Dusza of Organic Food Brokers also noted that Whole Foods has been “very, very supportive” of some local vendors, although others will lose business in the transition.

“We think in the long run, the manufacturers we represent are going to win,” he added.

Decentralizing Wild Oats

In recent earnings conference calls with analysts, Whole Foods said it has been very methodical in its takeover of Wild Oats' operations.

“Wild Oats was a highly centralized company,” John Mackey, chairman and chief executive officer, Whole Foods, said in an earnings call in February. “Thus, we have taken a cautious approach to unplugging the stores from Boulder.”

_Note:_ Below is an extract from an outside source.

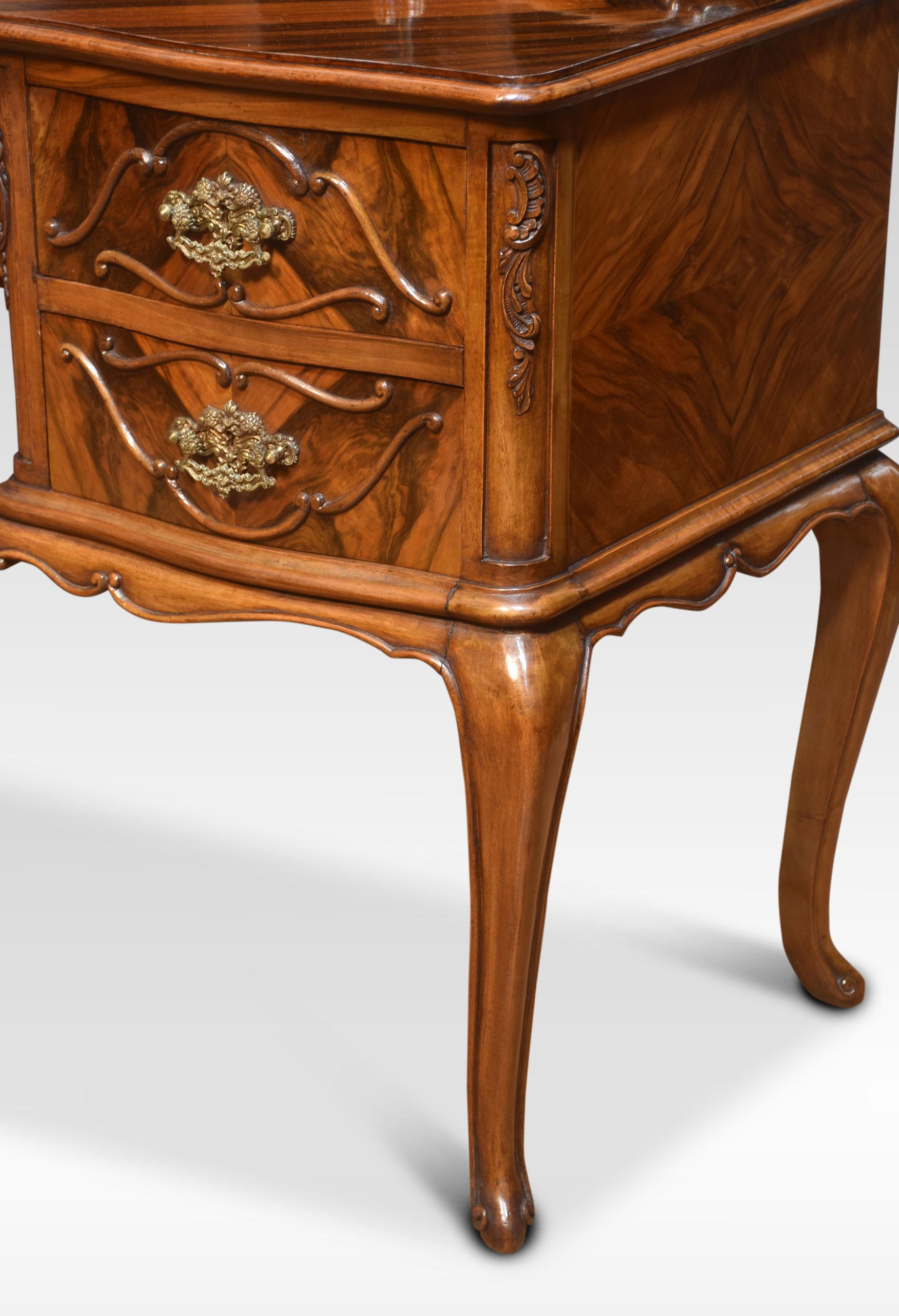 French Walnut Dressing Table 3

He added that Whole Foods' regional managers have “done a great job of establishing trust and creating a connection” with former Wild Oats employees.

“This has resulted in very high morale within the stores, to a degree above what we have experienced relative to any of our past mergers,” Mackey said.

The company said it had converted 46 of the remaining 62 Wild Oats stores to Whole Foods' purchasing and information systems, and that it expects to complete the conversion of the rest of the stores within the coming weeks.

The company had changed nine of the stores to the Whole Foods banner by February, and said it expected to convert most of the remaining stores in the chain to Wild Oats by the end of the year. Stores converted so far include Glendale and Superior, Colo.; West Hartford and Westport, Conn.; Hinsdale, Ill.; Park City, Utah; Raintree, Ariz.; Long Beach, Calif.; and Andover, Mass.

“We are excited about the notable improvements we are seeing in the year-over-year sales increases following the rebranding,” Mackey said. “In just 25 weeks, our integration has gone faster, further and deeper than in any of our prior mergers, and we feel very positive about the results we have seen so far.”